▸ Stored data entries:
════════════════
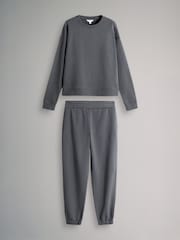 The Set Charcoal Grey 2 Piece Sweatshirt and Cuffed Joggers Set - Image 1 of 5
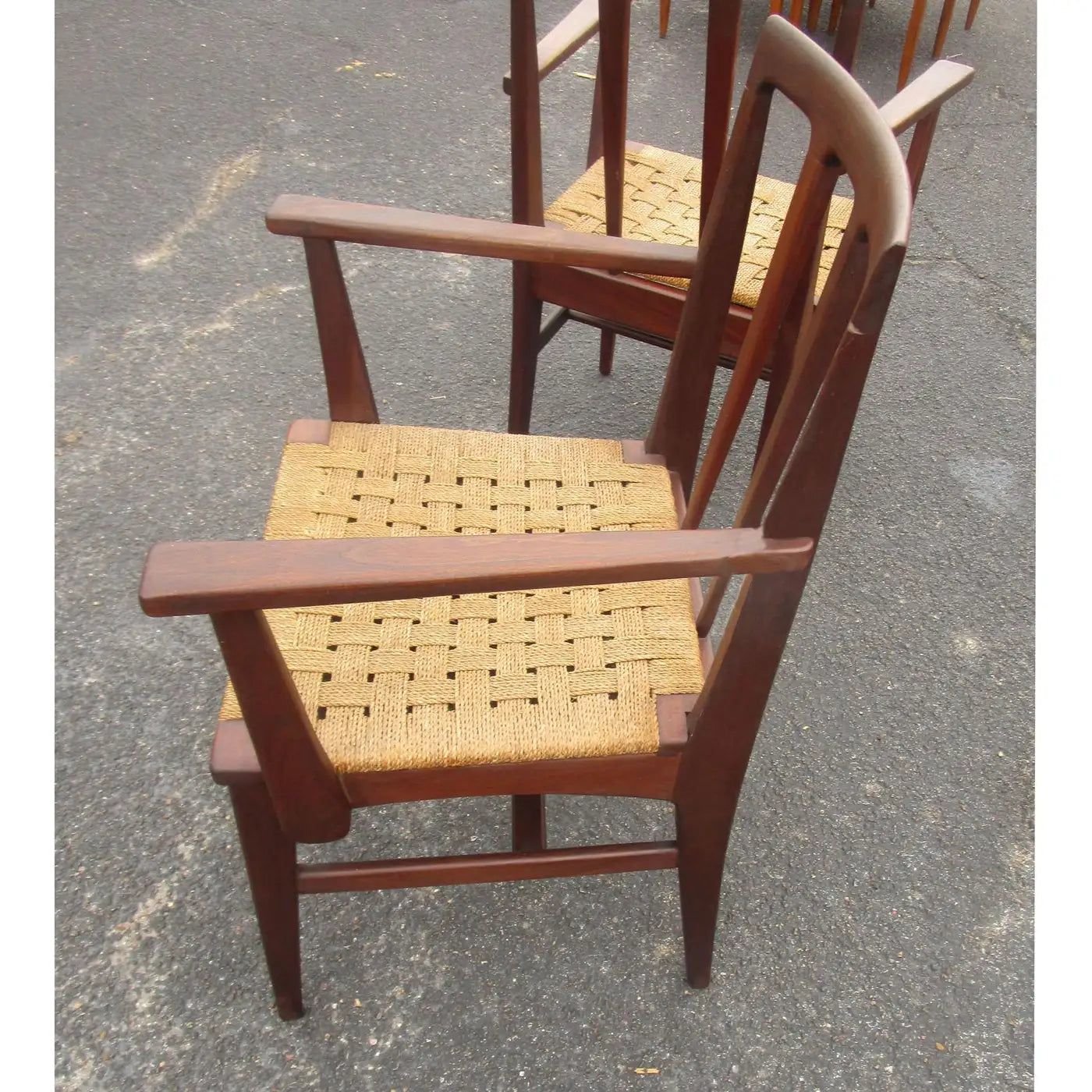Retro Scandinavian rope weaved dining chair
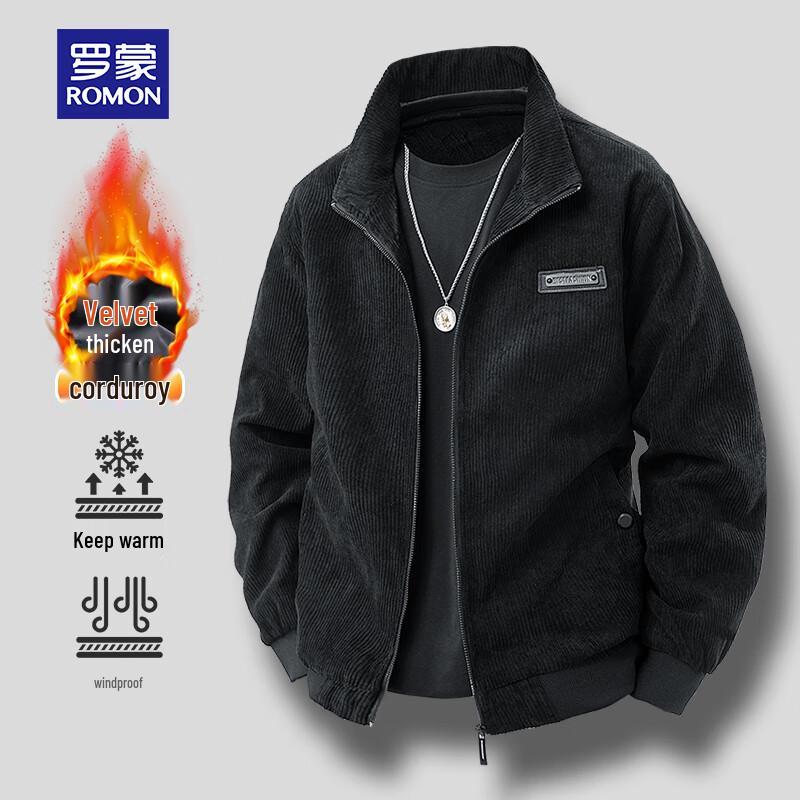 ROMON Men's Corduroy Stand-Collar Jacket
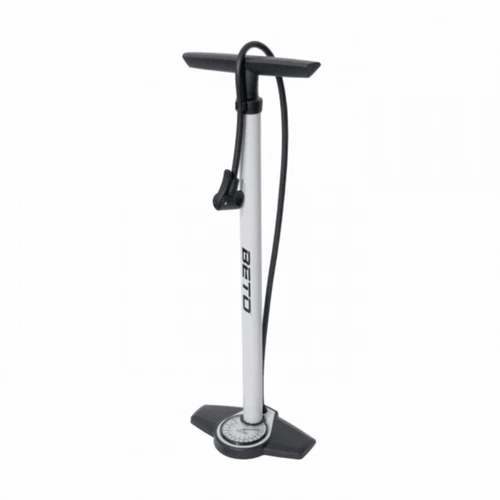 Bodenpumpe Aus Stahl Mit Integriertem Manometer, 660Mm, 11 Bar, Weiß Fahrräder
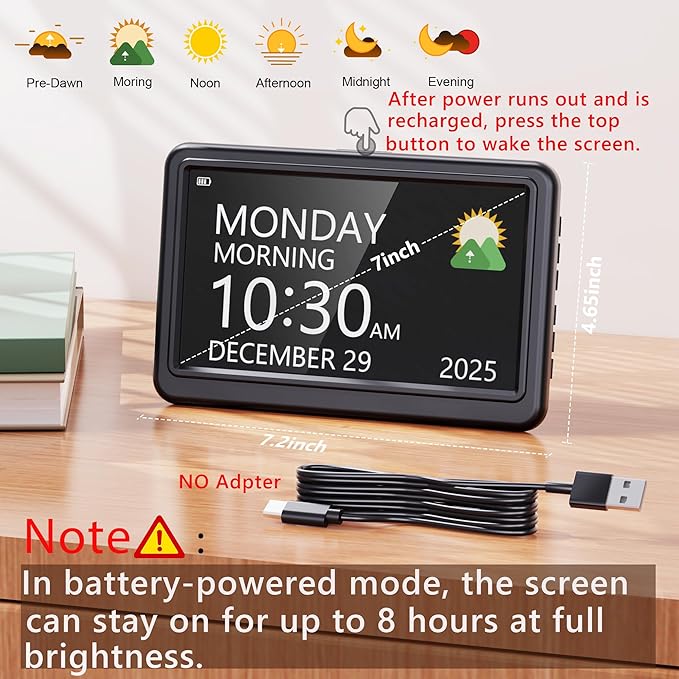 Rechargeable Digital Calendar Alarm Clocks for Senior, 7" Clock with Day and Date for Elderly, 20 Reminders & Alarms, Auto Dimmer/DST, 12 Themes, 18 Ringtones for Dementia Memory Loss, 1024*600 HD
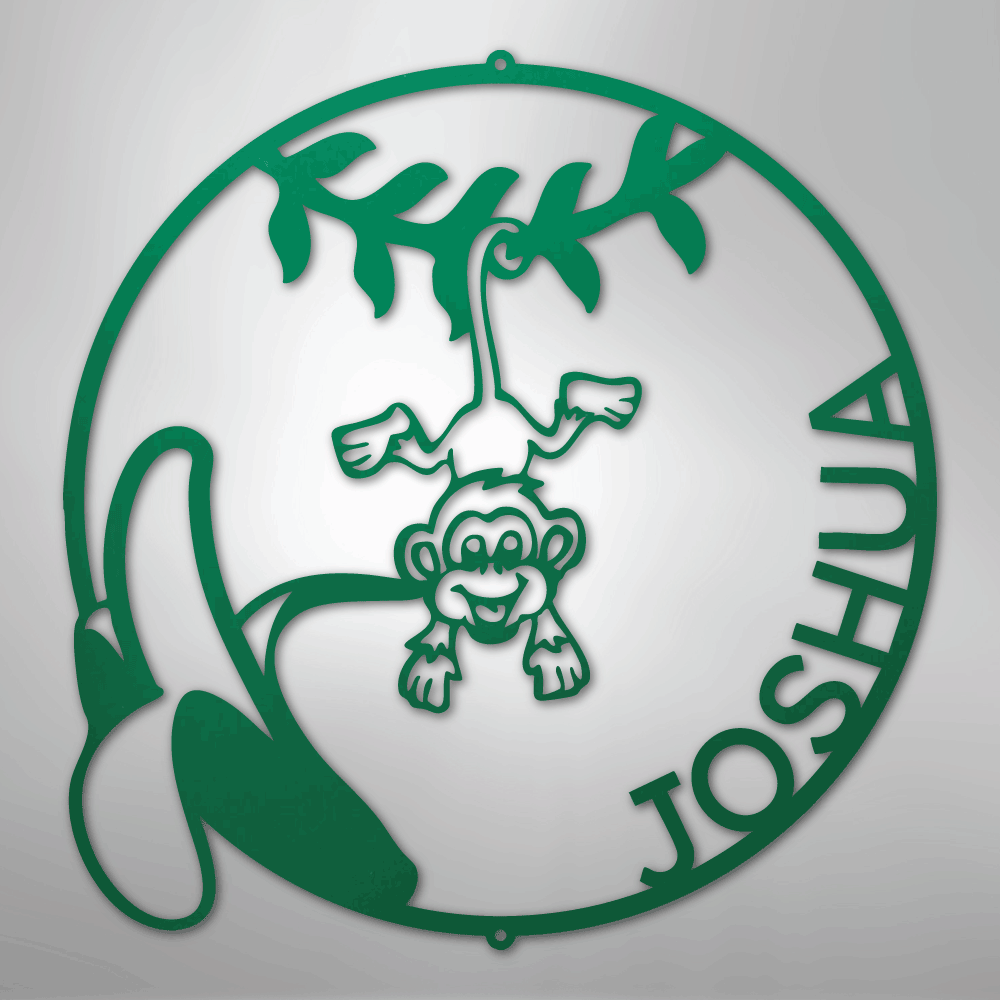 Our Little Monkey Monogram - Steel Sign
════════════════
▸ WHAT TO DO: Leaving out the pictures, repeat the data above exactly.

▸ SOLUTION:
 The Set Charcoal Grey 2 Piece Sweatshirt and Cuffed Joggers Set - Image 1 of 5
Retro Scandinavian rope weaved dining chair
 ROMON Men's Corduroy Stand-Collar Jacket
 Bodenpumpe Aus Stahl Mit Integriertem Manometer, 660Mm, 11 Bar, Weiß Fahrräder
 Rechargeable Digital Calendar Alarm Clocks for Senior, 7" Clock with Day and Date for Elderly, 20 Reminders & Alarms, Auto Dimmer/DST, 12 Themes, 18 Ringtones for Dementia Memory Loss, 1024*600 HD
 Our Little Monkey Monogram - Steel Sign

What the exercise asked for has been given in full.